The capacity of the three projection auditoriums will be 19 to 25 people. Clemmons said the theater is hoping to introduce reserved seating, where moviegoers can choose their seat when purchasing tickets online.
Yakima Cinema and The Majestic will take a little longer to reopen since the buildings have been empty for several months. However, both theaters already have several safety features, including markings for social distancing and Plexiglas windows on concession stands. Clemmons said the goal is to reopen those two theaters around November 6.
The two theaters have 10 auditoriums. The capacity varies from 20 to 75 people, depending on the size of the auditorium.
A new building at the Yakima Cinema, which was under construction before the COVID-19 pandemic, is now delayed. Yakima Theaters hopes to resume the new development soon, but is focused on reopening and rebuilding its customer base, Simmons said.
Once back to normal, the plans will continue, he said.
Try to recover
As of last week, theaters have remained closed in just two states, New Mexico and New York. The reopening of these latter states is essential, as it includes the New York movie theater market.
Many studios are waiting for new releases until New York theaters reopen, said Phil Contrino, director of media and research for the National Association of Theater Owners. These new releases will be crucial in bringing people back to theaters.
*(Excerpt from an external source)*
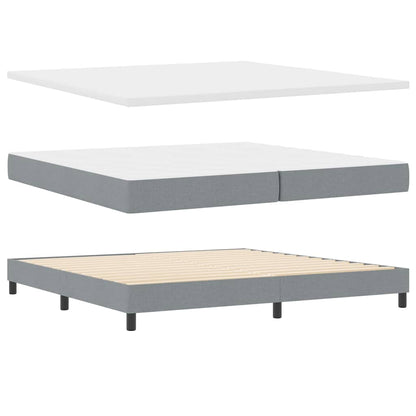 Boxspringbett mit Matratze Hellgrau 200 x 200 cm Stoff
Open theaters play older titles, he said. It is not enough to keep the lights on. They face tough decisions.
Grand Meridian Cinema in Ellensburg, in fact, alluded to the lack of new film releases when it was announced that it was shutting down again in late July. The theater resumed operations in September.
Cinemas have already suffered many losses due to extended shutdowns. Nationwide, theaters are expected to register a 62.6% year-over-year loss in 2020, according to a September report from IBISWorld, a Los Angeles-based research firm. Closures have also taken place during the summer months, when major blockbuster releases generate income for theaters.
The IBISWorld report predicts a partial recovery in revenues in 2021, but the question remains whether the theaters can survive in the meantime. Earlier this month, AMC Theaters, a major movie theater chain, said it could potentially run out of money by the end of this year or early next year.
In Yakima County, movie theaters are independent and family-owned.
Hallett Cinemas, the Hallett family business which operates the Grand Cinemas in Sunnyside, is based in Pasco. Yakima Theaters is run by the Mercy family in Yakima.
Independent theaters elsewhere in the United States have done several things to generate additional income, such as encouraging people to donate to crowdfunding campaigns, said Contrino, director of media and research for the National Association of Theater. Owners.
These theaters were able to share their challenges and ask for support.
We have seen a lot of theaters that have been successful in raising funds this way, he said.
The trade association recently launched a new campaign, #SaveYourCinema, to push the federal government to help the movie industry. As part of the campaign, the association launched a site to encourage moviegoers to write to their representatives in Congress.
Without substantial help, many theaters could be forced to close, perhaps for good, Contrino said.
The theaters’ footprint could be significantly reduced, he said.
Fredrickson, the district manager of Hallett Theaters, said they were considering private screenings. Like other theaters, things will remain difficult until new titles are released.
Overall it has been difficult for us, he said. We were trying to do our best to take care of the employees and get things done. We’ve been in Sunnyside since 1983. Be here as long as the movies are there.
Clemmons said the Yakima Theaters took a big financial hit with the extended shutdown, but he believes the company can recover, especially as new films have been released. He’s already received calls and emails asking when they’ll reopen.
They want to escape, he said. They want to get out, especially as the weather changes and options become limited again.